# YOUR GOAL
Below, some lines carry pictures; leave those pictures out and retype exactly the lines from the one with "Vestido Lisa verde y turquesa" through the one with "Flying City Structures — Gray, Dramatic".

# RECORDS SHOWN

________________________

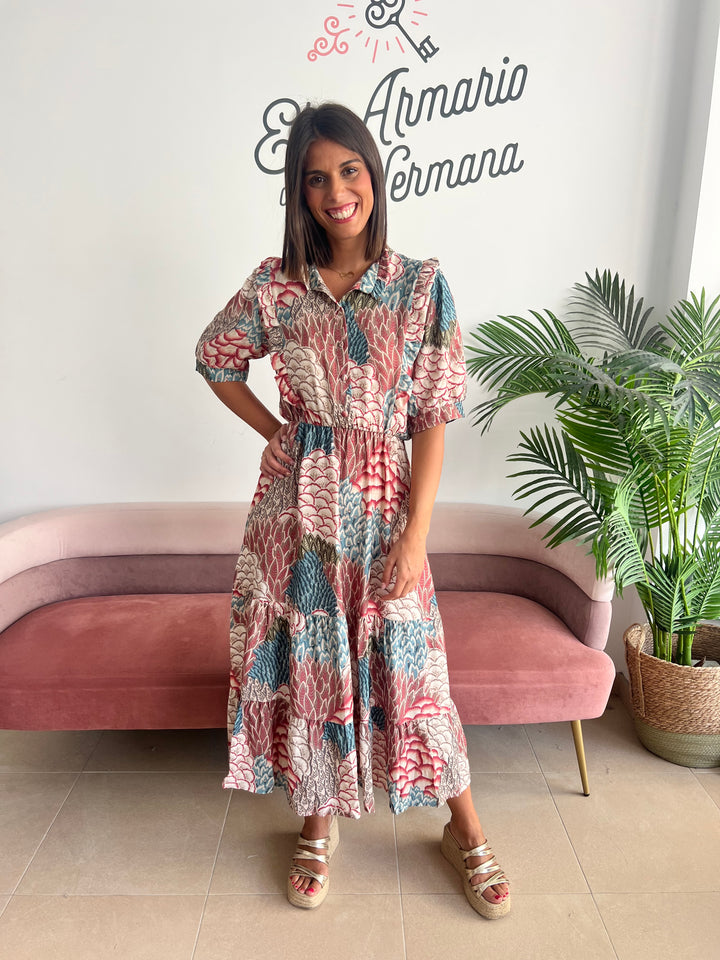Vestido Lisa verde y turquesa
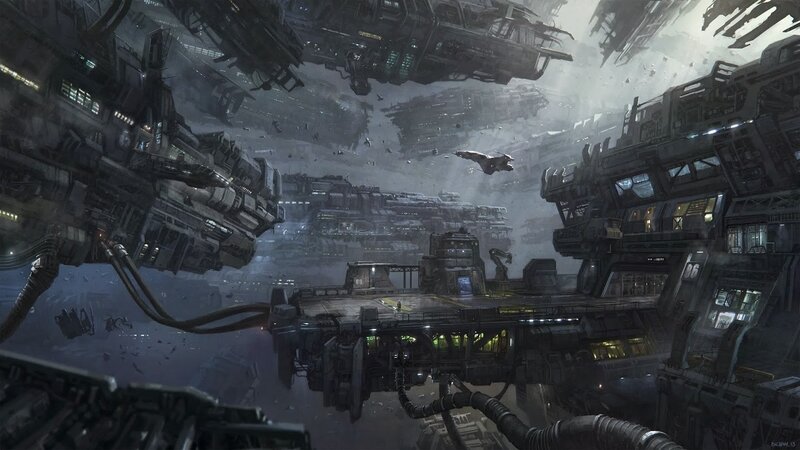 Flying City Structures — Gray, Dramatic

________________________

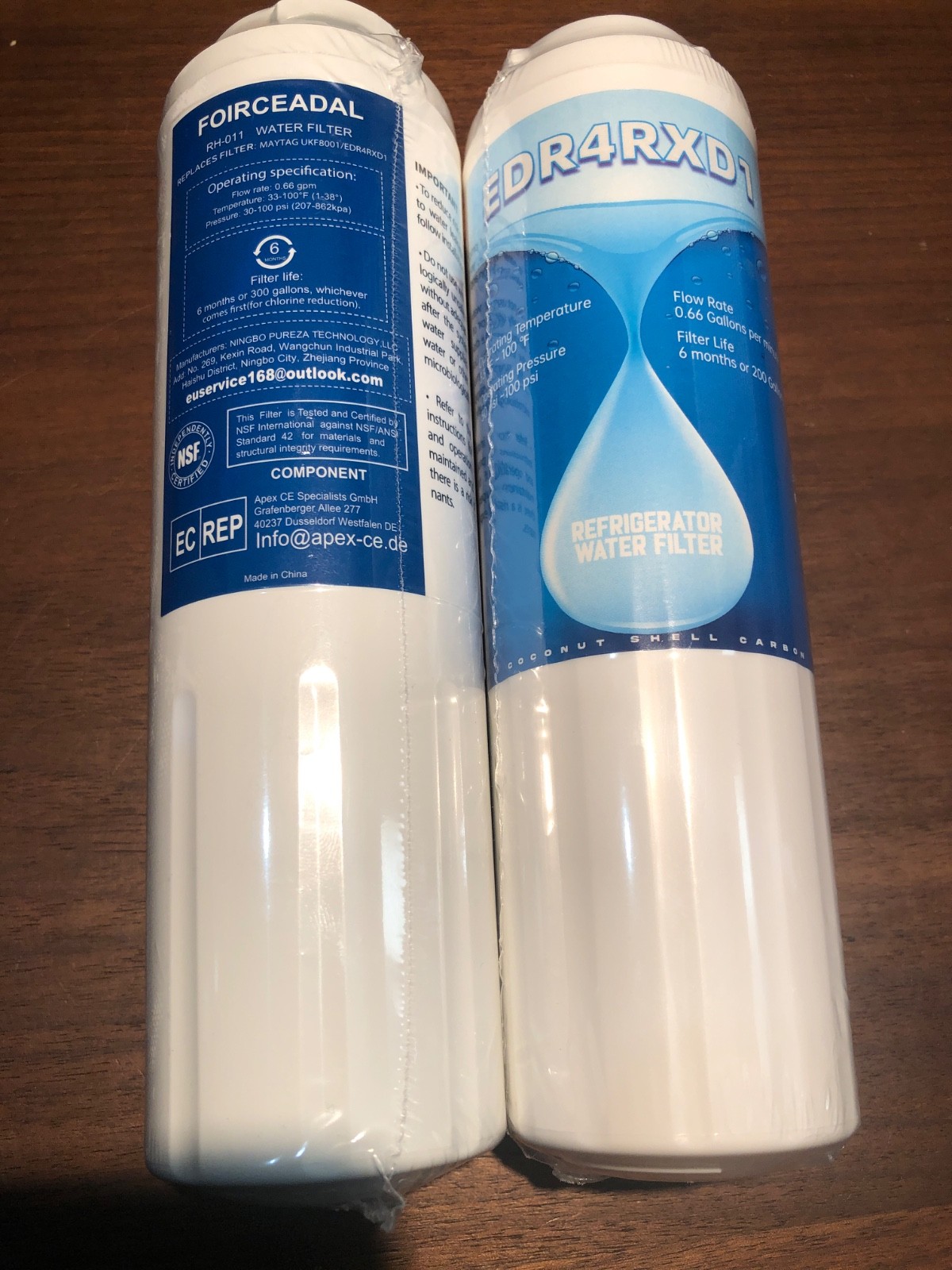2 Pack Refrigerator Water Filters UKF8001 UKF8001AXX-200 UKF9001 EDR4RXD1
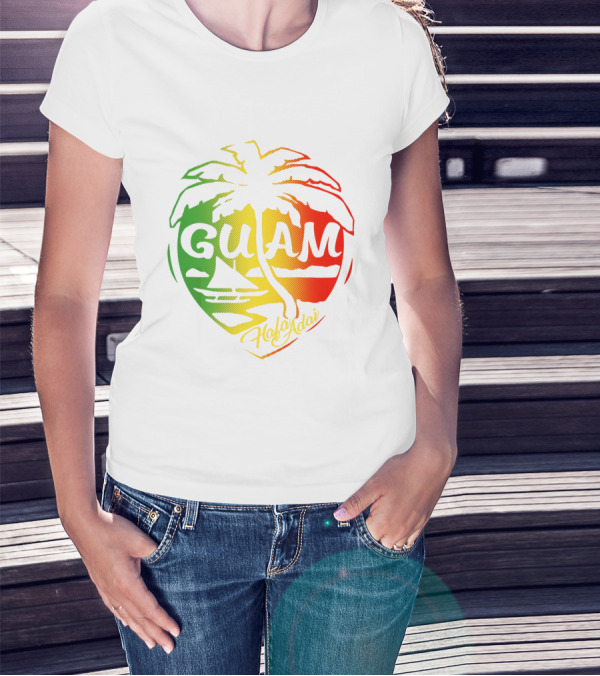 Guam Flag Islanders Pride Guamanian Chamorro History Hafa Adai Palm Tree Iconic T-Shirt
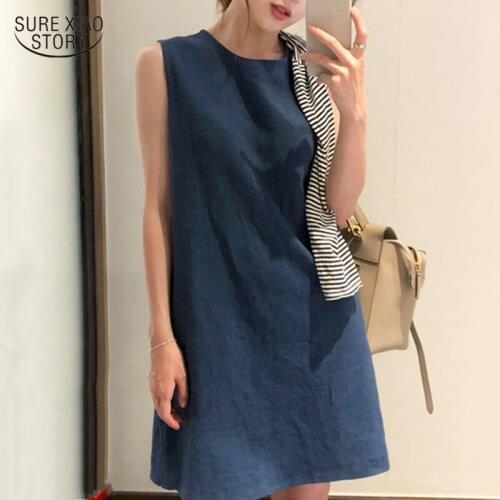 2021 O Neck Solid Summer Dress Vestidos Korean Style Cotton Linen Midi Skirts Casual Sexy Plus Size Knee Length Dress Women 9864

________________________

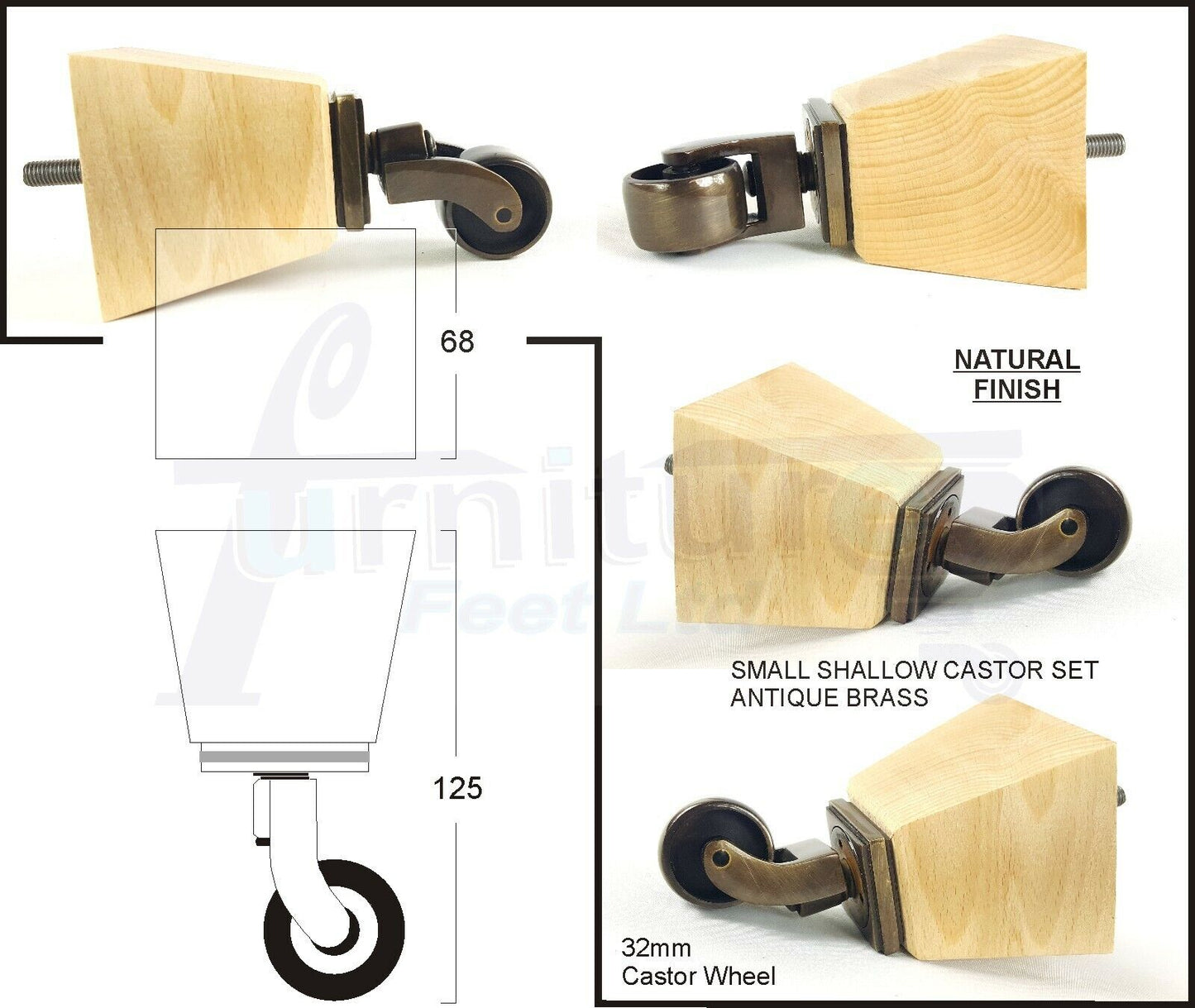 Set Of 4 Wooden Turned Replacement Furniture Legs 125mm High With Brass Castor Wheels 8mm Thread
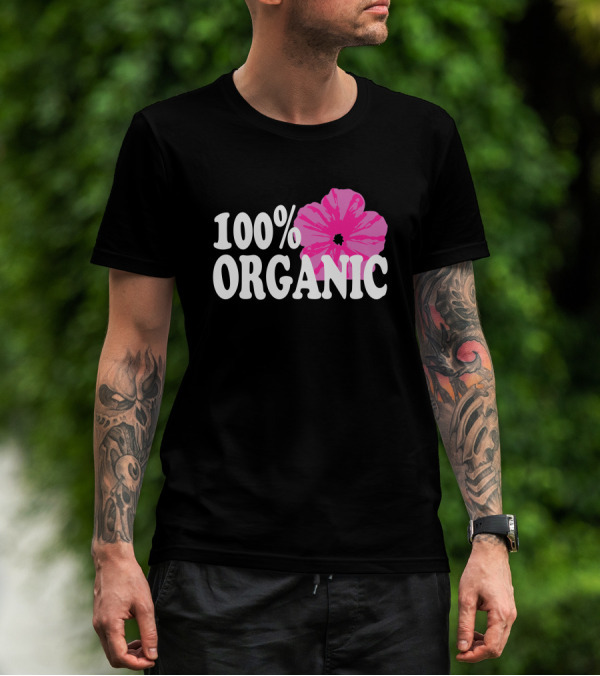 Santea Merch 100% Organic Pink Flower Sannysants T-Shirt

________________________

# EXERCISE OUTPUT
Vestido Lisa verde y turquesa
 Flying City Structures — Gray, Dramatic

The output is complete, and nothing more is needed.